Word came from the downtown Retail Task Force — an entity created by Mayor Annise Parker in cooperation with the Houston Downtown Management District following Macy's closure announcement — that Houston could absorb a good deal of retail space downtown.
"With a shopping trade area of more than 74,000 residents within a 2-mile radius of the urban core and recent supporting retail studies, the Retail Task Force strongly believes that downtown can absorb at least another 350,000 square feet of retail, especially now with Macy's closing," said task force chair Fred Griffin of Griffin Partners in a statement.
"The Retail Task Force strongly believes that downtown can absorb at least another 350,000 square feet of retail."
To put it in perspective, that number is less than half the footprint of the historic 788,000 square foot store.

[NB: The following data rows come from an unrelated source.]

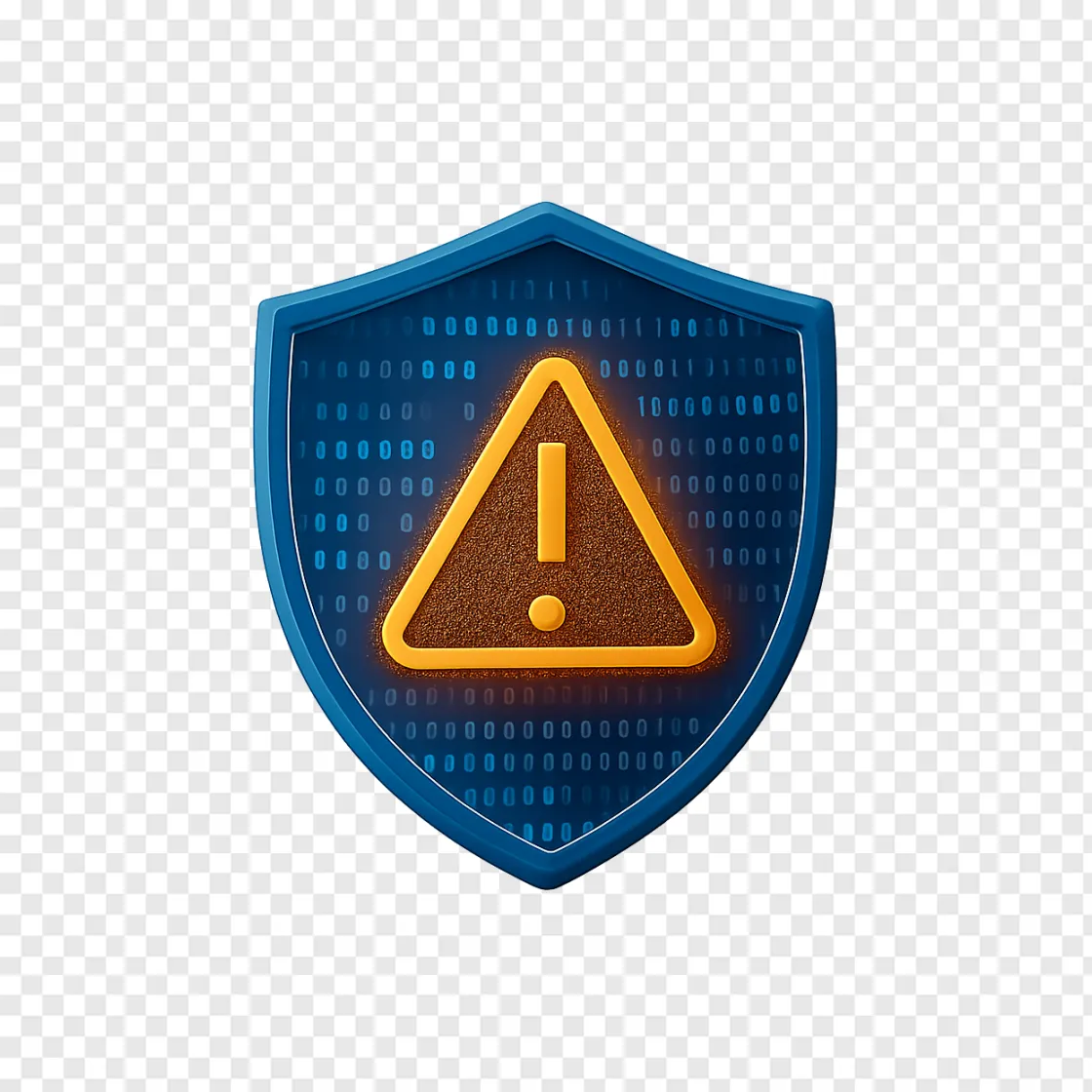 AI Security Shield PNG Transparent Background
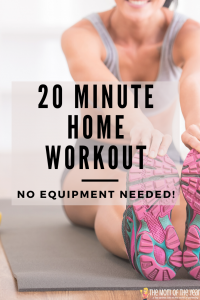 20 Minute Home Workout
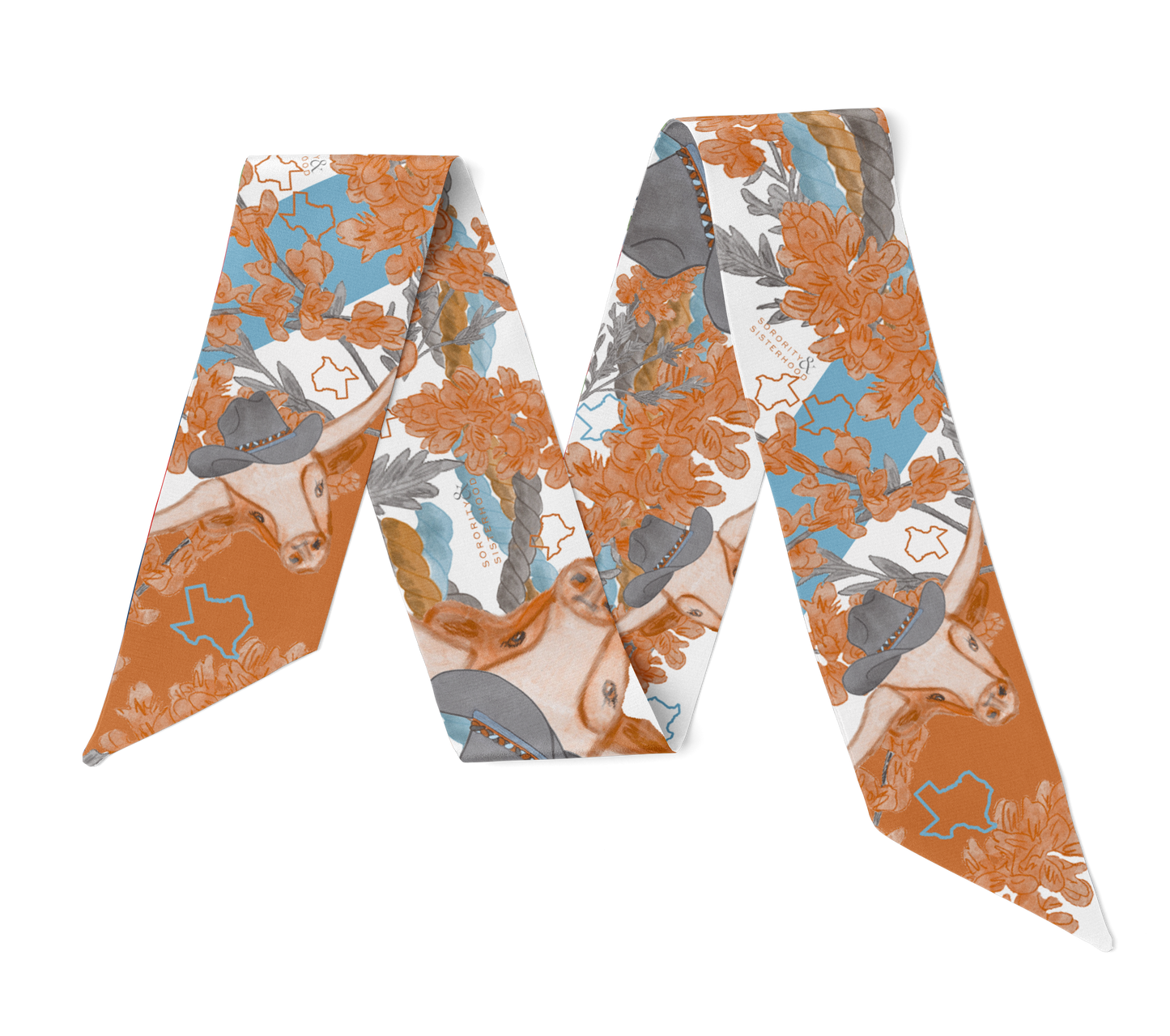 Orange & White Heirloom Scarflette™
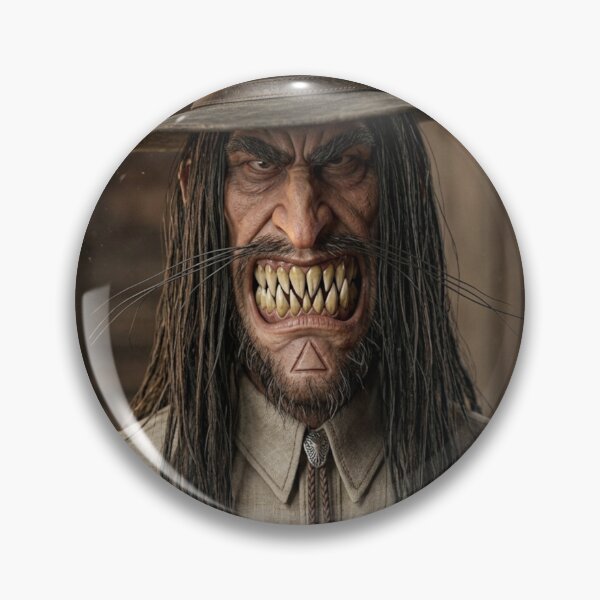 Item preview, Dark Stranger Western Bounty Hunter cowboy fantasy art designed and sold by Vintage Designs +.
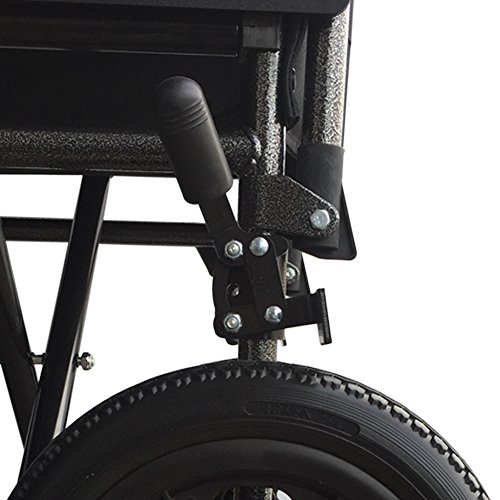 Mobiclinic, Modelo S230, Silla de ruedas para minusválidos y ancianos, de tránsito, plegable, ortopédica, reposapiés, reposabrazos, negro, asiento 40 cm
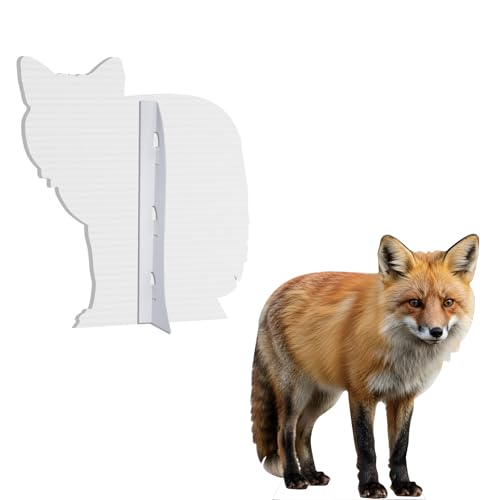 Image of Fox Life Size Cardboard Cutout, 6FT, Fun Animal Standup, 1 PC | Fox Life Size Cardboard Cutout, Fun Animal Standup, for Events, Party Decor, Birthday Photos & Celebrations, 1 PC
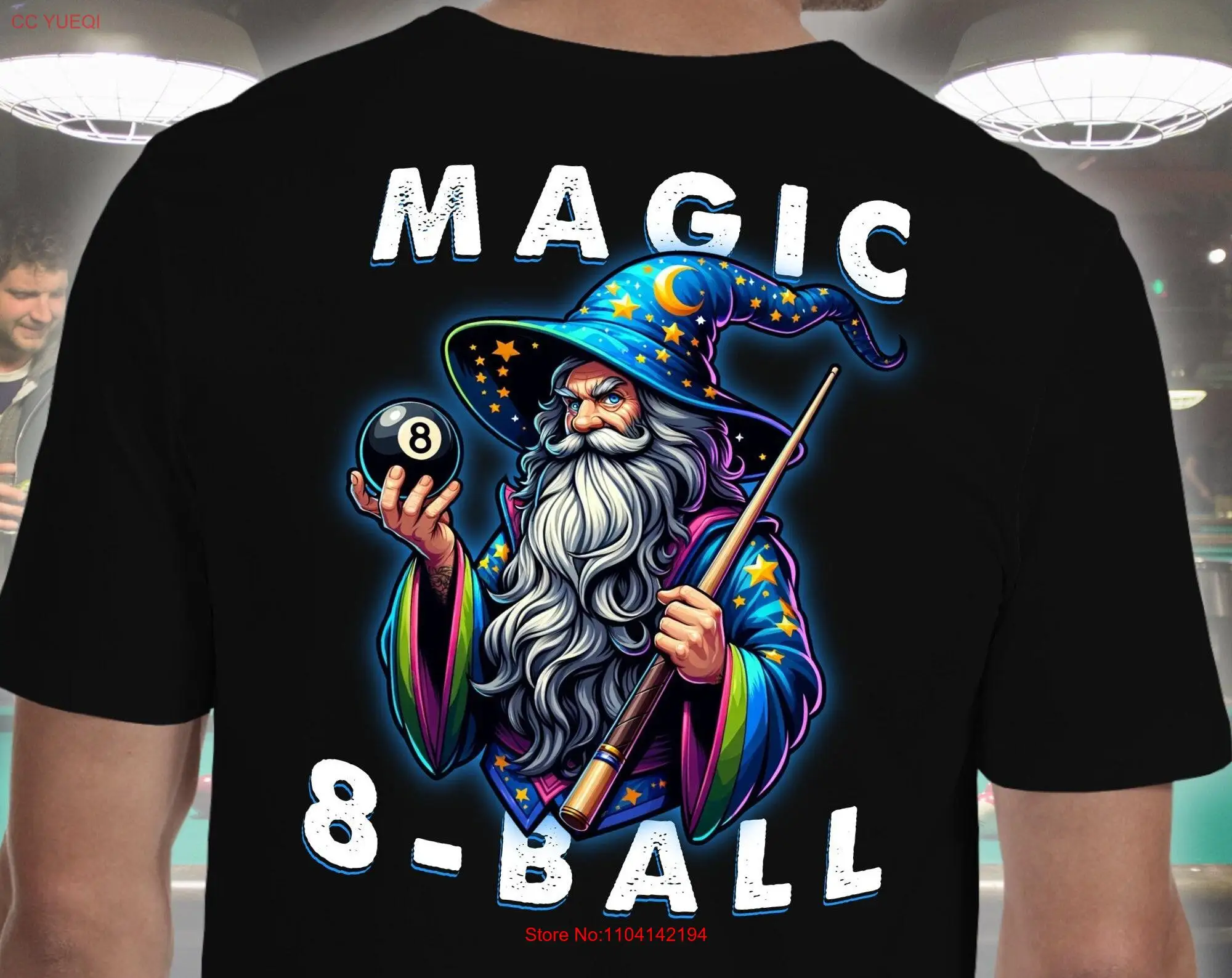 Подарок для бассейна magic 8 ball футболка игрока бильярдный длинный или короткий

"In addition to the strong residential trade area, downtown also has an office population of 140,000 and more than 18 million visitors annually to sustain shopping — the key is the right stores in the right locations," Griffin continued.
These findings come from a 20-question survey released in January to gauge the shopping habits of downtown residents and office employees. Overall, out of 1,776 respondents, more than half currently shop downtown more than once a month and 94.5 percent answered that they would "definitely shop downtown if the right merchandise was offered and if the stores were in the right location with appropriate shopping hours."
The task force is specifically looking at the viability and feasibility of developing in the "Retail Core," identified as Main Street and Dallas Street and adjacent streets Lamar, McKinney, Milam and Travis.
Over the next phase of work, the task force will engage stakeholders about parking, improved pedestrian and building lighting and other street-level concerns; discuss potential locations with national retailers and expand contact with both local and national prospective retailers; develop coordinated retail leasing strategies; and look at ways that the tunnel system can better engage with street level retail.